Only return to your property when you receive the message from SES that it is safe to do so.
If you need help with cleaning up after a flood, you can contact your local council for assistance.
Checking your property after a flood
When returning to your property, Victoria Emergency recommends ensuriing gas and electricity are turned off before entering. Do not either back on until they have been checked by a qualified electrician and licensed gasfitter. Likewise, only turn on appliances or solar systems once a licensed electrician or gasfitter has tested them.
Red Cross's website advises to:
- Wear protective clothing when cleaning up, such as waterproof boots and rubber or leather gloves.
- Use a torch, and only use matches, candles, or lighters once you are sure there is no gas around.
- If you notice any strange smells like gas, immediately leave the building.
- Turn off the electricity at the main fuse box or circuit breaker if you spot any frayed wiring or sparks.
- Check for structural damage to your property before entering. You may use a qualified building inspector to check for these and contaminants, including asbestos.
- Call an electrician first for advice if you have to step in water to get to the fuse box or circuit breaker.
The NSW government warns not to use or handle any electrical appliances which have been affected by flooding. Have them checked by an electrician first.
Ensure you have licensed builders and tradespeople to check, reconnect services and conduct any repair work required to ensure the safety of the building. This can include asbestos contamination, demolishing dangerous structures and electrical wiring, plumbing and gas fitting.
It's essential to take photos and document any damage, whether renting or owning the property, particularly for insurance purposes.
Look out for snakes, spiders, mice, and other wildlife that may have tried to hide from the flood, and contact your local council or wildlife rescue to arrange for their care.
Safety around remaining floodwater
According to the NSW government's website, the primary cause of death during floods is people entering floodwater, including kids playing in floodwater. Even after the flood has passed, do not go into flood waters. There is a risk of electrocution, drowning, injury from objects in the water, illness, and infection from contaminated floodwaters.
This water can contain garbage, chemicals, sewage, and other hazardous contaminants, such as disease-causing bacteria, fungi, and viruses.
Flooding can also lead to an increased presence of animals, such as spiders and snakes.

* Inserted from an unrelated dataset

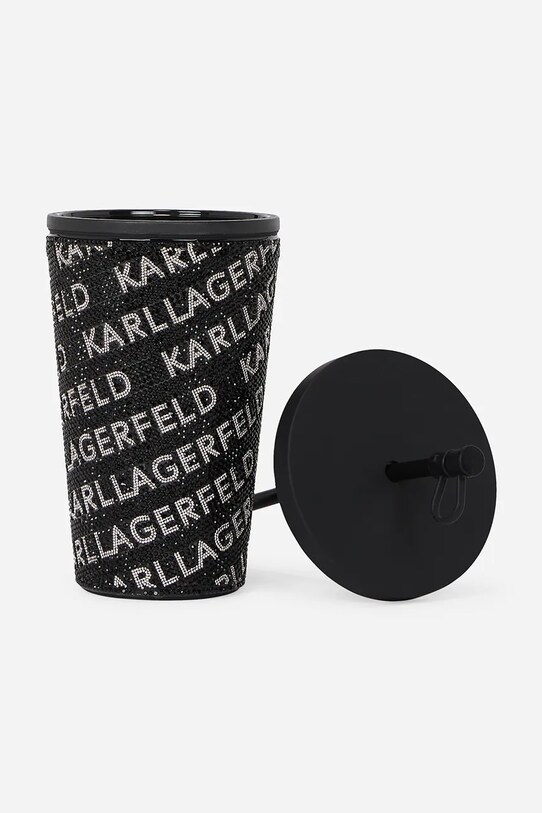 Karl Lagerfeld pohár szívószállal k/rhinestone fekete A2W42018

Be sure to avoid fallen power lines, too, as they may be live and cause electrocution. Contact your emergency services immediately to report these.
Health and hygiene after a flood
The NSW government recommends the below steps to ensure your health and hygiene:
- Don't drink water from the property until you hear from local water authorities that it's safe and uncontaminated.
- Always wash your hands after cleaning up.
- Cover up any cuts well to prevent them from getting infected by contaminated water.
- Throw away any items that you cannot disinfect, if they have been in contact with floodwater, that may contain sewerage containing harmful bacteria and viruses.
Disaster recovery centres may be set up in your state following some disasters. These can provide various welfare services, including financial assistance, personal support, organising temporary accommodation, and providing information and referrals.
You may register at one of these recovery centres or with your local council to get the help you need. State emergency services have recovery kits available on their websites.